Les pourparlers entre la Russie et l'Ukraine mardi à Istanbul ont été "substantiels" et ouvrent la voie à une rencontre entre les présidents Vladimir Poutine et Volodymyr Zelensky pour mettre fin au conflit qui a débuté il y a plus d'un mois, ont estimé les négociateurs des deux camps après trois heures de discussions.
A l'issue de ces négociations qui se tenaient au palais de Dolmabahçe à Istanbul, le chef de la délégation russe et représentant du Kremlin, Vladimir Medinski, a fait état de "discussions substantielles" et dit que les propositions "claires" de l'Ukraine en vue d'un accord allaient être "étudiées très prochainement et soumises au président" Vladimir Poutine.
Il a estimé qu'un sommet entre MM. Poutine et Zelensky serait possible en cas d'accord pour mettre fin aux hostilités. Depuis le début de l'invasion russe le 24 février, Moscou avait toujours écarté cette proposition de Kiev.
Signe que les discussions ont avancé, le vice-ministre de la Défense russe Alexandre Fomine a annoncé que Moscou allait "réduire radicalement (son) activité militaire en direction de Kiev et Tcherniguiv", dans le nord du pays, les négociations sur un accord sur la neutralité de l'Ukraine "entrant dans une phase pratique".
De son côté, le négociateur en chef ukrainien David Arakhamia a aussi estimé que les conditions étaient désormais "suffisantes" pour une rencontre au sommet entre MM. Poutine et Zelensky.
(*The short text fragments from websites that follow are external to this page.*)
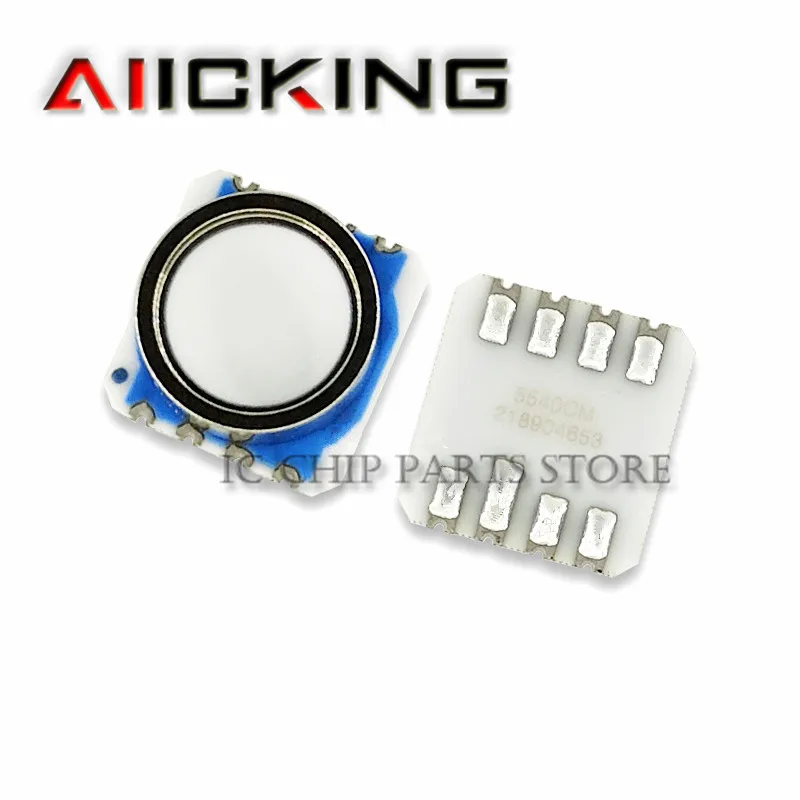 MS5540CM 5PCS Free shipping New original MS5540 5540CM MS5540CM MODULE BAROMETER MINITURE SENSOR MS5540-CM in stock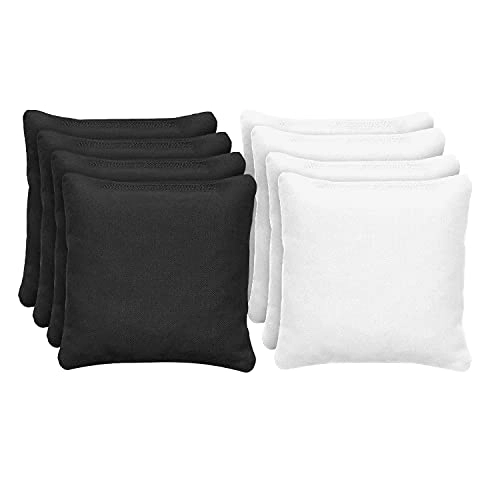 Cornhole - Complete Kit 2 boards 8 bags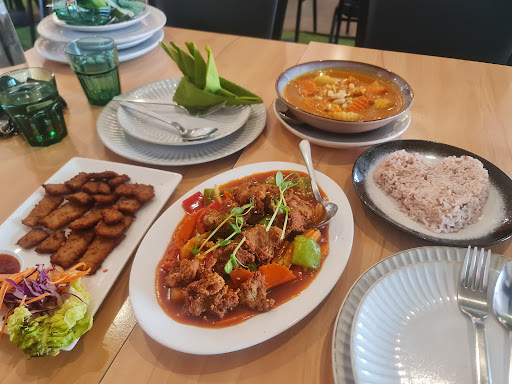 Healthy Thai Vegan & Vegetarian Cuisine - Thumbnail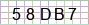 This is a captcha-picture. It is used to prevent mass-access by robots.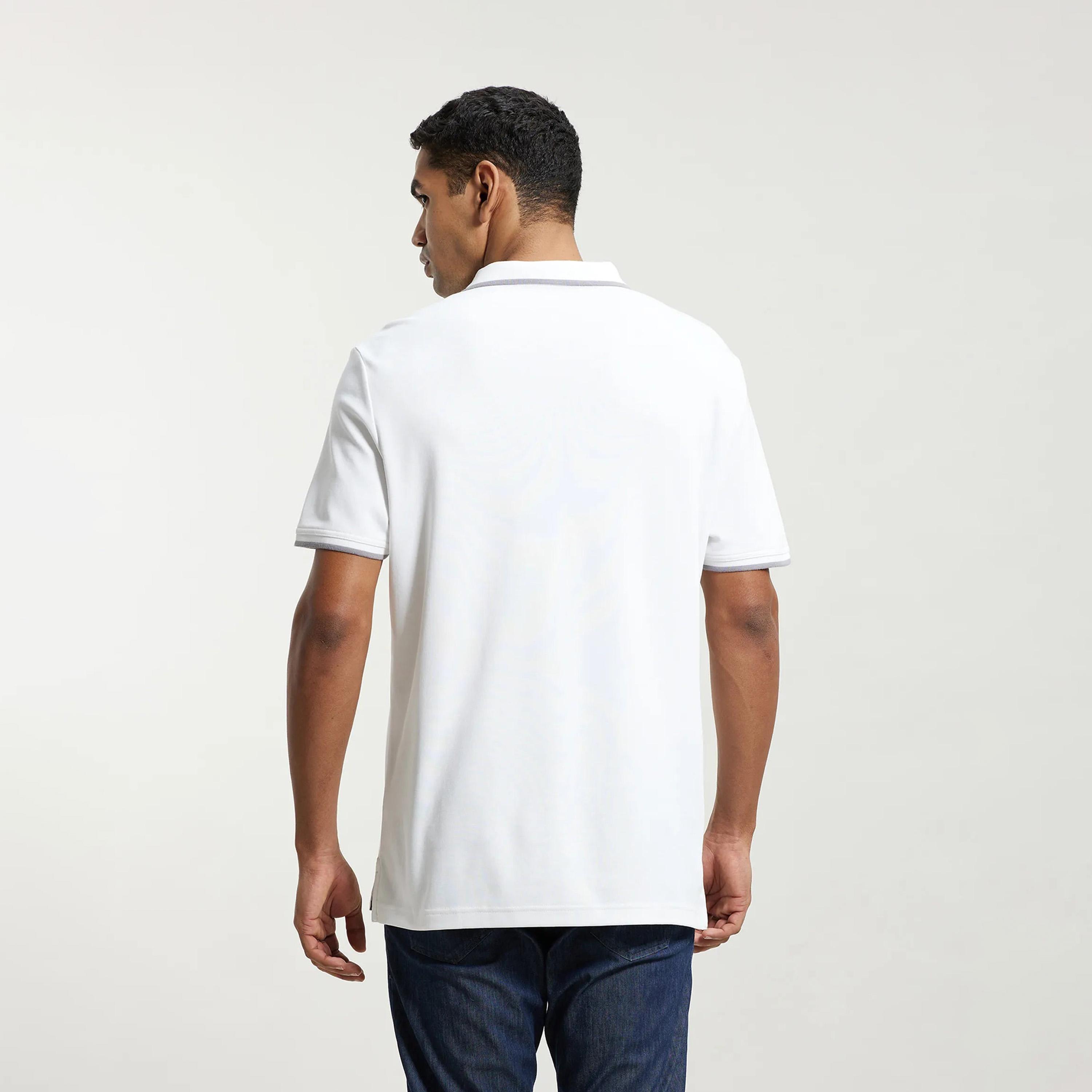 جوكي- تي شيرت بولو رجالي رياضي 24×7-men-clothing-tshirtsandpolos-polos-image-49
- "Accord international" -
M. Arakhamia a précisé que Kiev réclamait un "accord international" signé par plusieurs pays garants qui "agiront de façon analogue à l'article 5 de l’Otan et même de façon plus ferme". L'article 5 du traité de l'Alliance atlantique stipule qu'une attaque contre l'un de ses membres est une attaque contre tous.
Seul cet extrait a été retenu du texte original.